1969年、ボン近郊のマリア・ラーハ修道院にて。

 創刊号から連載されている「阿部謹也自伝」。読者からの反響も大きく、今回は百枚を超える拡大版になりました。阿部氏は一九六五年に東京を離れ小樽商科大学に赴任します。この小樽時代に、アレクサンダー・フォン・フンボルト財団の奨学生となった三十四歳の阿部氏は、一九六九年から二年間ドイツに留学します。今回はそのドイツの生活がたっぷりと描かれます。

 一九六九年といえば激動の時代です。七一年までの二年間だけを振りかえっても、東大の安田講堂での攻防戦、京大闘争、アポロ11号月面着陸、三里塚闘争、よど号ハイジャック、牛込柳町排ガス鉛公害、光化学スモッグ、三島由紀夫割腹自殺、大久保清事件、ドル・ショックといった出来事が続々と起こった時代です。

 時代の波は否応なく人々のこころや考え方に大きな影響を与えます。阿部氏がもしこの二年間を日本で過ごしていたら、その後の研究や仕事は果たしてどうなっていたのだろう、と思います。ドイツ時代の二年間は、そう思わずにはいられないほど、その後の阿部氏の研究と仕事の道筋を決定しているのです。

 阿部氏の初期の代表作は『ハーメルンの笛吹き男』であることは誰しもが認めるところでしょう。この「ハーメルンの笛吹き男」との出会いは、ドイツ留学時代の偶然の出来事に支えられています。ドイツの中世後期の地域史を描こうとしていた阿部氏は、ボン大学のフーバッチュ教授から「それならここにいてはいけない。すぐにゲッティンゲンの文書館に行かなければならない」と半ば強引ともいえる手引きによって、ボンから研究の場を移します。

イザローンのゲーテ協会にて。

 ゲッティンゲンに住まいを定め、毎日文書館にこもり参考文献にあたっていたとき、阿部氏は大学の図書館にある古文書のなかの「この地方にハーメルンの笛吹き男に率いられた子供達が入植した可能性がある」というくだりと出会います。そのときのことを阿部氏はこのように書いています。「この文章を読んだとき、一瞬背筋に何かが走る感じがした。」

 一般的には「ハーメルンの笛吹き男」の話は「伝説」の範疇に位置付けられていました。阿部氏が「ハーメルンの笛吹き男」の研究に夢中になり始めたことについて、ゲッティンゲンにいたある先輩は「そんなことに道を外れていってもしょうがないよ。やめた方が良いよ」と忠告します。また、そもそもドイツにおいても「学問分野の境界ははっきりと守られており、よほどのことがない限り、他の分野には手を出さないのが常識とされていた」のです。

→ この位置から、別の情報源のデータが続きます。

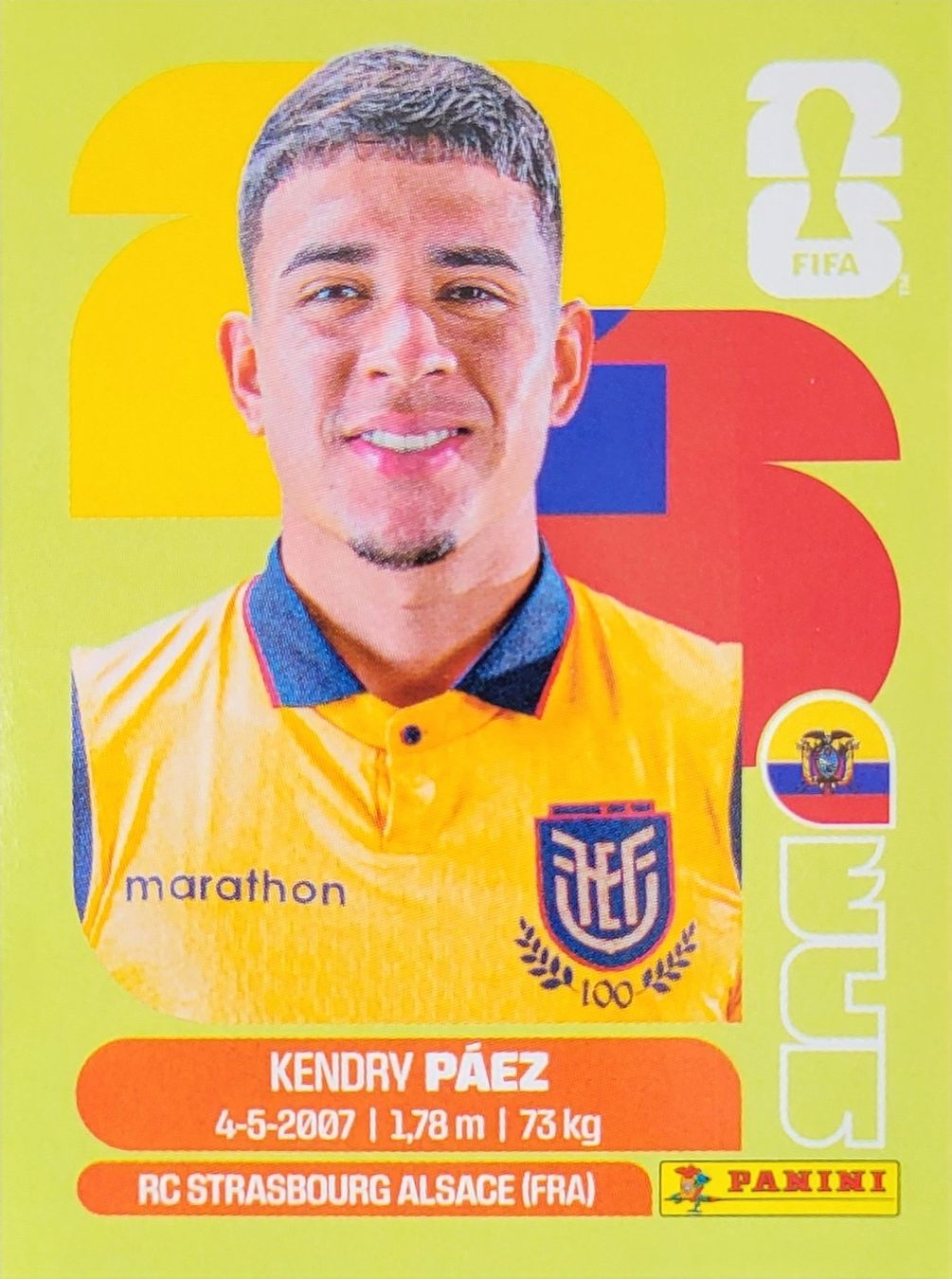 Panini Carte collezionabili: Panini FIFA World Cup ECU 11 – Nuovo (secondo la descrizione) da Wallisellen venduto da never_give_up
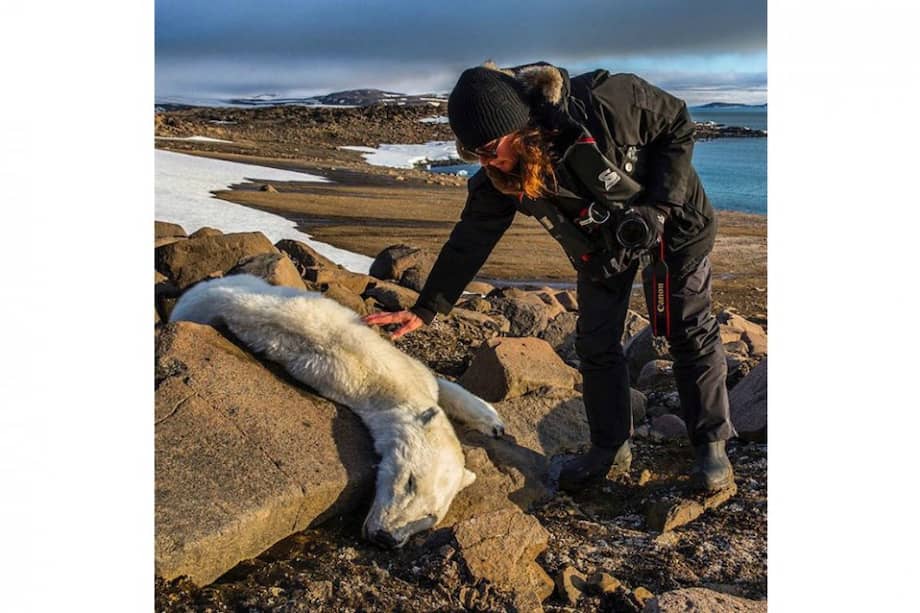 Tomado de Instagram/paulnicklen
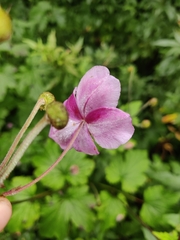 Eriocapitella hupehensis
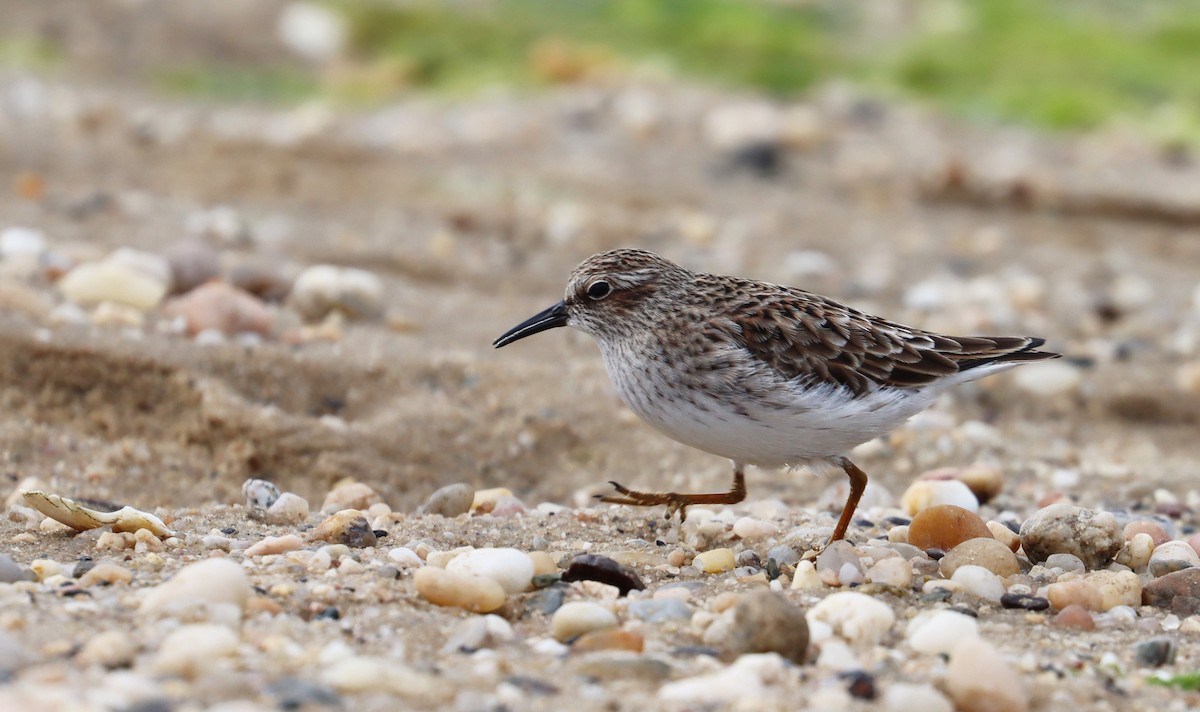 Least Sandpiper - ML619048547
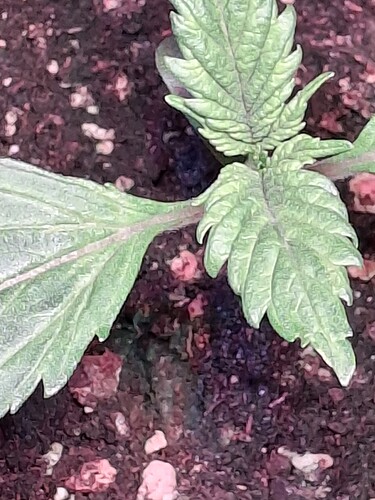 Growreport Bild 18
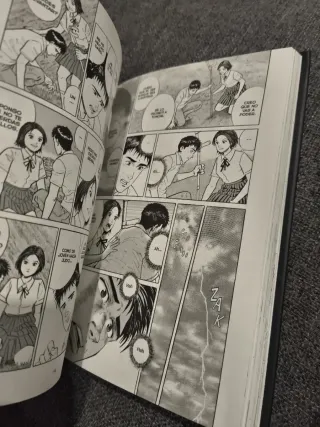 Cielos Radiantes de Jiro Taniguchi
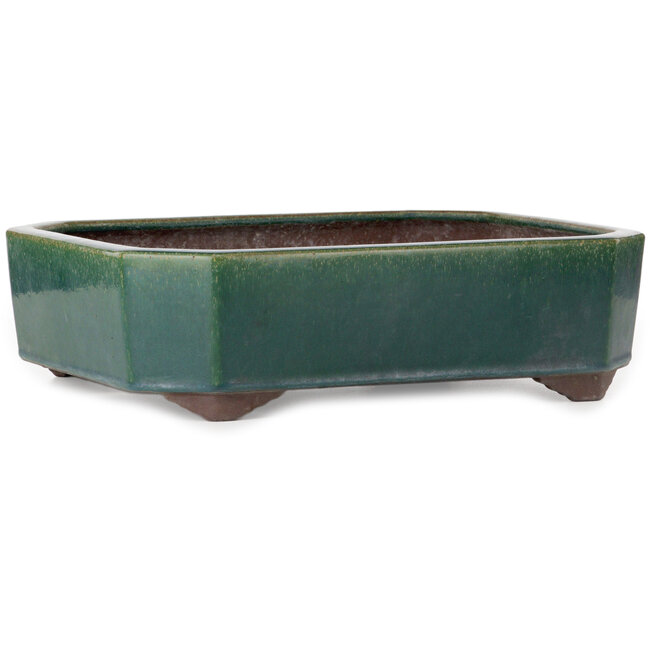 Vaso bonsai rettangolare verde di Yamaaki Toshio (terza generazione) - 432 x 353 x 120 mm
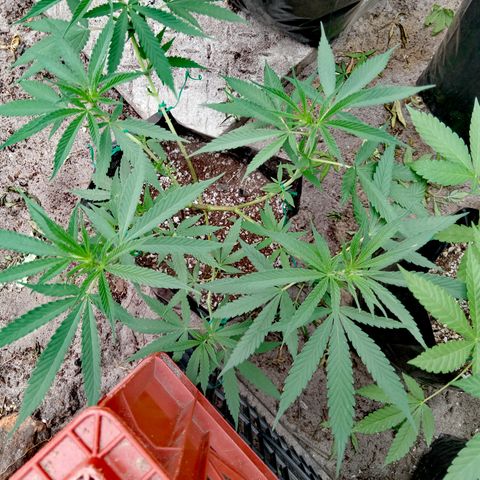 Unknown strain growlog timeline photo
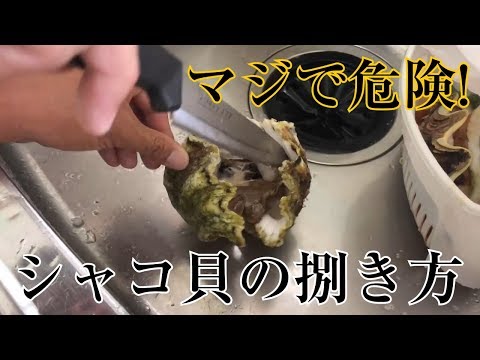 シャコ貝の捌き方 Youtube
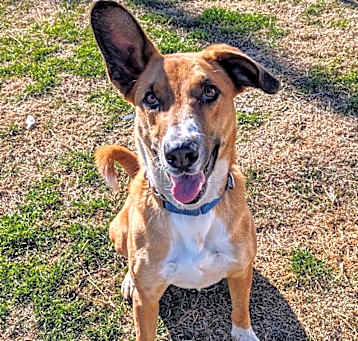 Photo of Copper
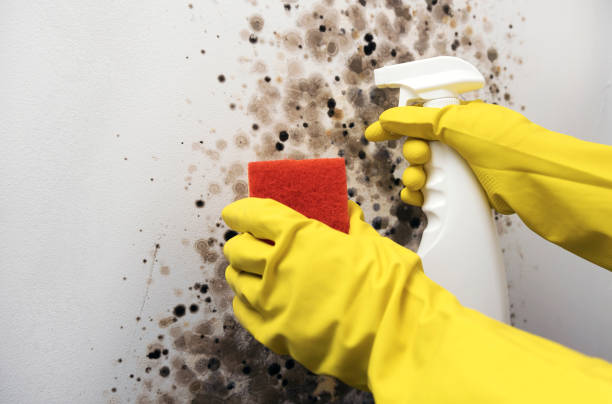 Best Certified Mold Removal  in East Vineland, NJ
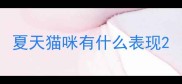 夏天猫咪有什么表现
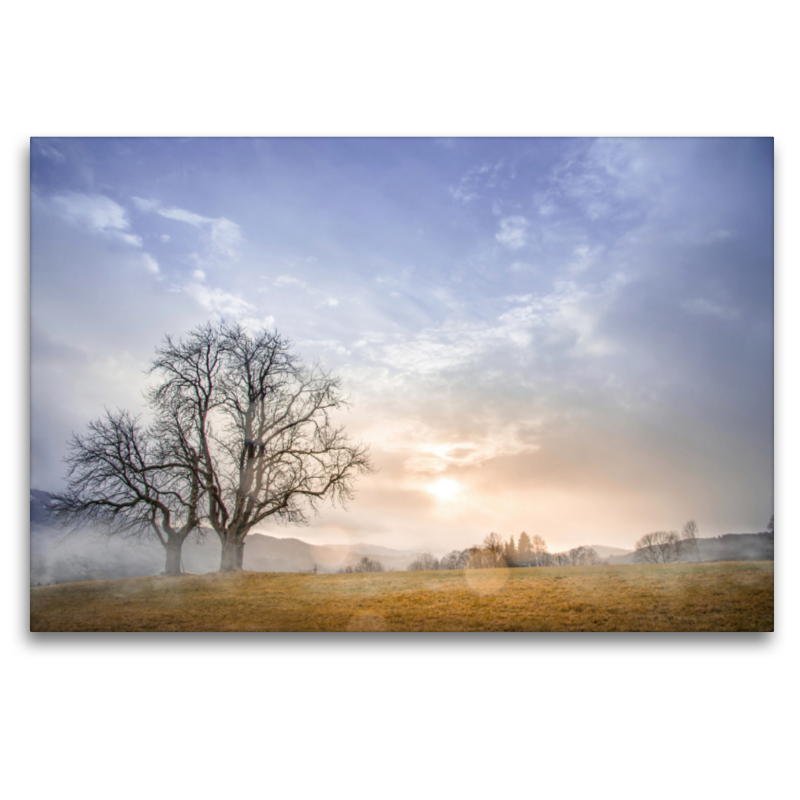 Landschaft im Nebel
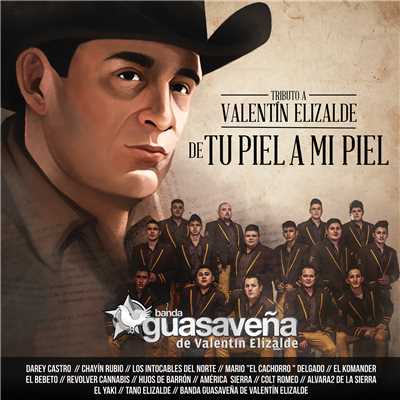 El Huizache (featuring Los Intocables Del Norte)/Banda Guasavena de Valentin Elizalde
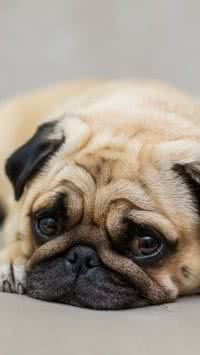 Como identificar depressão, ansiedade e estresse em cães e gatos?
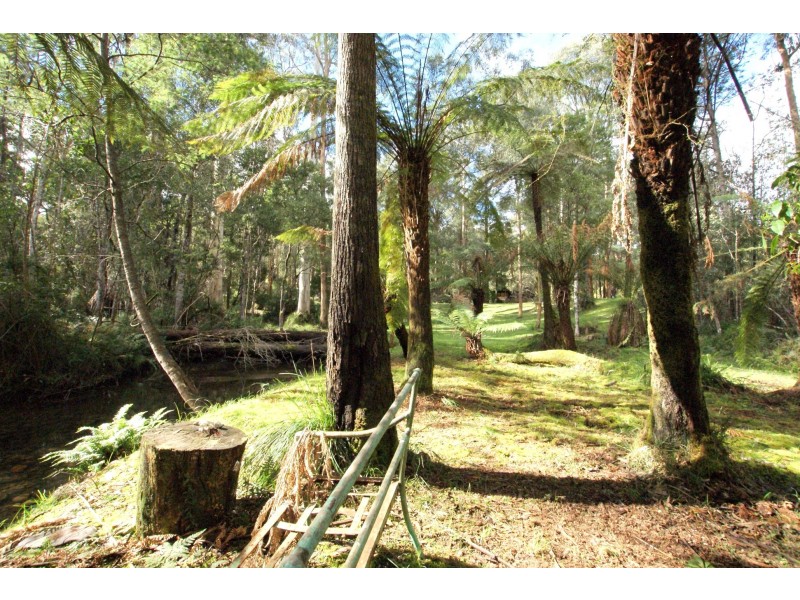 31 Fisherman Drive, Reefton VIC 3799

 しかし自らの発見と探究心に忠実であった阿部氏は「ハーメルンの笛吹き男」についての研究を、以来他人には黙して語らぬまま続行します。このゆるぎない姿勢があったからこそ、私たちの手元にあの傑出した一冊の本が届けられた、というわけです。信ずること、継続することの力を、このエピソードは雄弁に物語ります。

 そして今回の「阿部謹也自伝」では、その後の阿部氏の大きな研究対象となる「差別」と「世間」というテーマが、このドイツ滞在中にすでに見出されていたことが描かれます。テーマというものは、どこかにふわふわと浮かんでいるものではない。それを見出す人間の頭のなかでいかに問題が取り組まれたかによっておのずと立ち表れてくる極めて個人的な事象であることを「阿部謹也自伝」は語りかけてきます。血の通った学問とはいかなるものか、連載の第二回に登場した「それをやらなければ生きてゆけないテーマを探せ」という恩師の言葉がここでも響き渡ります。

 ドイツ留学時代の貴重な写真もご覧いただきながら、今から三十年以上前の阿部氏の原点ともいえる経験をぜひたどっていただきたいと思います。